§ **Aim of the exercise**
For this exercise, write out each entry below exactly as it reads.

++++ Exercise material ++++

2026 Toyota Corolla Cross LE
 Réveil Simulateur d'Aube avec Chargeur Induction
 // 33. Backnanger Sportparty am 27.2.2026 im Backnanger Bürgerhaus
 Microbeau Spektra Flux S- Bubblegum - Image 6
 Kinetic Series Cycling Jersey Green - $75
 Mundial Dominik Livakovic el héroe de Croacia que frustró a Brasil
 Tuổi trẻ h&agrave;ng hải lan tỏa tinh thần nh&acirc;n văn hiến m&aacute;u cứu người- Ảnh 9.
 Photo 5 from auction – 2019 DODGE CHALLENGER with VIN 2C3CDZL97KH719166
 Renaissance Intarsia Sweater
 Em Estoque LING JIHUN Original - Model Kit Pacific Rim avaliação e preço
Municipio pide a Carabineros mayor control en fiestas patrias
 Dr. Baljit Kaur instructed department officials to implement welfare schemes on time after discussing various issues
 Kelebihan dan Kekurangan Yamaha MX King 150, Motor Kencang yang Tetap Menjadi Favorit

++++

§ **Answer space**
2026 Toyota Corolla Cross LE
 Réveil Simulateur d'Aube avec Chargeur Induction
 // 33. Backnanger Sportparty am 27.2.2026 im Backnanger Bürgerhaus
 Microbeau Spektra Flux S- Bubblegum - Image 6
 Kinetic Series Cycling Jersey Green - $75
 Mundial Dominik Livakovic el héroe de Croacia que frustró a Brasil
 Tuổi trẻ h&agrave;ng hải lan tỏa tinh thần nh&acirc;n văn hiến m&aacute;u cứu người- Ảnh 9.
 Photo 5 from auction – 2019 DODGE CHALLENGER with VIN 2C3CDZL97KH719166
 Renaissance Intarsia Sweater
 Em Estoque LING JIHUN Original - Model Kit Pacific Rim avaliação e preço
Municipio pide a Carabineros mayor control en fiestas patrias
 Dr. Baljit Kaur instructed department officials to implement welfare schemes on time after discussing various issues
 Kelebihan dan Kekurangan Yamaha MX King 150, Motor Kencang yang Tetap Menjadi Favorit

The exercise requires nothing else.